The defendant was convicted of the crime of robbery, and sentenced to imprisonment in the state prison for life. He appeals from the judgment, and an order denying him a new trial.

The indictment under which defendant was tried charged him with the crime of robbery, and also with a prior conviction of the crime of burglary. On being arraigned, he pleaded not guilty to the charge of robbery, and confessed the prior conviction of burglary.
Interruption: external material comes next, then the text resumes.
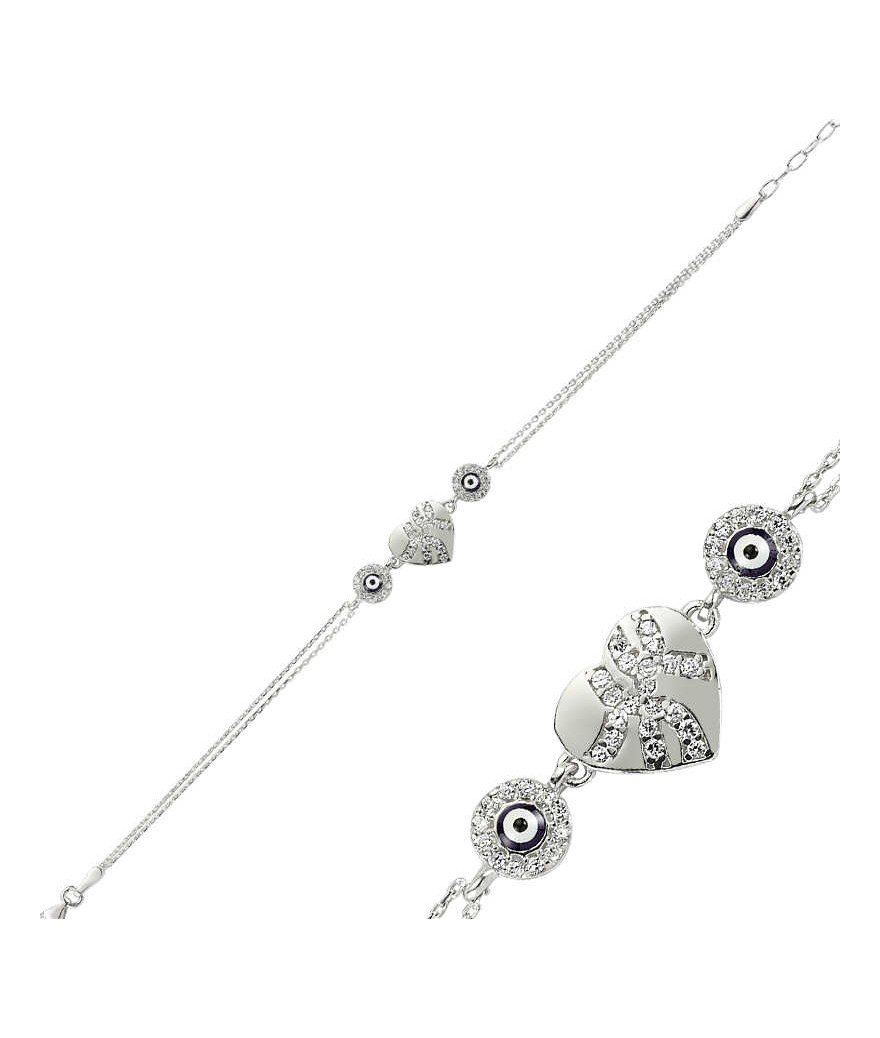 Gümüş Nazarlı Kalp Bayan Bileklik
When the case came on for trial, a jury was impaneled and sworn, and thereupon the court directed the clerk to read to the jury the indictment and state defendant’s pleas thereto. The defendant objected to the reading of that part of the indictment which charged a prior conviction, and to the statement of his plea thereto. The court overruled the objection, and the defendant reserved an exception. The clerk then, by the direction of the court, read to the jury the whole indictment, and stated “that to the said charge of prior conviction that the defendant confessed the same, and he was guilty.”
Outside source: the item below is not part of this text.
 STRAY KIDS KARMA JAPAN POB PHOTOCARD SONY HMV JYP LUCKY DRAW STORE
This ruling is complained of by the appellant, and we think it clearly erroneous. The code provides: “ If the indictment or information be for felony, the clerk must read it, and state the plea of the defendant to the jury, and in cases where it charges a previous conviction, and the defendant has confessed the same, the clerk, in reading it, shall omit therefrom all that relates to such previous conviction.” (Pen. Code, sec. 1093, subd. 1; and see People v. Meyer, 73 Cal. 548.)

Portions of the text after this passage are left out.